Erfolgreiche Zusammenarbeit zwischen Wissenschaft und Wirtschaft
Für SeasON haben die Hochschule Luzern und der Industriepartner Matica, der seit über 30 Jahren Wassererwärmer sowie Wärme- und Kältespeicher herstellt, zusammengespannt. «In der Entwicklung von SeasON haben wir uns gegenseitig bedingt und gleichzeitig eine Win-Win-Situation zwischen Forschung und Praxis geschaffen», betont Marc Lüthi, CEO der Matica. Die Planung der Demonstrationsanlage für die TKS Frauenfeld unterstützte das Frauenfelder Ingenieurbüro Novus Engineering. Als Förderpartner haben das Pilot- und Demonstrationsprogramm des Bundesamts für Energie BFE, die EKT Energiestiftung, die Stadt Frauenfeld, der Energiefonds der Stadt Frauenfeld sowie die Klimastiftung Schweiz die Realisierung des Projekts ermöglicht.

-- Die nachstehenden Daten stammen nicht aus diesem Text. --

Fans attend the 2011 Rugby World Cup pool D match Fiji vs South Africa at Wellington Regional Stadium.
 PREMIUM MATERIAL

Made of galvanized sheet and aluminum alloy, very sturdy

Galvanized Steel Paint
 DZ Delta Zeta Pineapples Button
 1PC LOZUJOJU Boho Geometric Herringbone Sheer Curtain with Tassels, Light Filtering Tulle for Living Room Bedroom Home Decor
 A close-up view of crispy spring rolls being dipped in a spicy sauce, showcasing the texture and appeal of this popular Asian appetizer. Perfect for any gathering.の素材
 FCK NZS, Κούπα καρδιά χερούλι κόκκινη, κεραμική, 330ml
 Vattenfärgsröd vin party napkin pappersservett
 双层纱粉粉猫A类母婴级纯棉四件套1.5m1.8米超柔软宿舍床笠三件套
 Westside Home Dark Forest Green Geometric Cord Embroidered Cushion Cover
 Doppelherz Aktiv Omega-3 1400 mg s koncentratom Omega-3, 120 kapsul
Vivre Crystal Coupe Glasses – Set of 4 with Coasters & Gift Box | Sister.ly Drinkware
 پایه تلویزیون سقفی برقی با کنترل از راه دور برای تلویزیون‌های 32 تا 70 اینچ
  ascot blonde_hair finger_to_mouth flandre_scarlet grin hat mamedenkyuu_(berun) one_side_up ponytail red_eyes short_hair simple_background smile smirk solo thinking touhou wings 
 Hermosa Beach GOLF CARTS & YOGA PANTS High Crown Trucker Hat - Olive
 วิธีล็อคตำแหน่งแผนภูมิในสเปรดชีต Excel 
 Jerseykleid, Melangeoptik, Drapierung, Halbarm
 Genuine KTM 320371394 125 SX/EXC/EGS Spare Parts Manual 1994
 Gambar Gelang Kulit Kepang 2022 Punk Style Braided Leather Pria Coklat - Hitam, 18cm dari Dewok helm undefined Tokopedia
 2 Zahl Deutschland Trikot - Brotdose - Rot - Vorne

Bereits im Bau ist eine zweite SeasON-Pilotanlage, die in der neuen Zustellstelle der Post im thurgauischen Kaltenbach installiert wird. Das Flachdach des Neubaus ist mit einer PV-Anlage von 1000 m2 ausgestattet, die eine Leistung von 215 kWp aufweist und 33 Tonnen CO2 pro Jahr einspart. Die Inbetriebnahme erfolgt Anfang 2025. Eine dritte Demonstrationsanlage wird in einer Wohnsiedlung im deutschen Ruhrgebiet realisiert. Vonovia, Deutschlands grösster Wohnraumanbieter unterstützt seine Mieter aktiv dabei, Energie und Heizkosten zu sparen. Während Vonovia im Rahmen des Pilotprojekts die skalierte Einsetzung in seinem Portfolio testen will, möchte Matica daraus finale Erkenntnisse für die Serienproduktion im Bereich der Sanierung von Wohnliegenschaften gewinnen.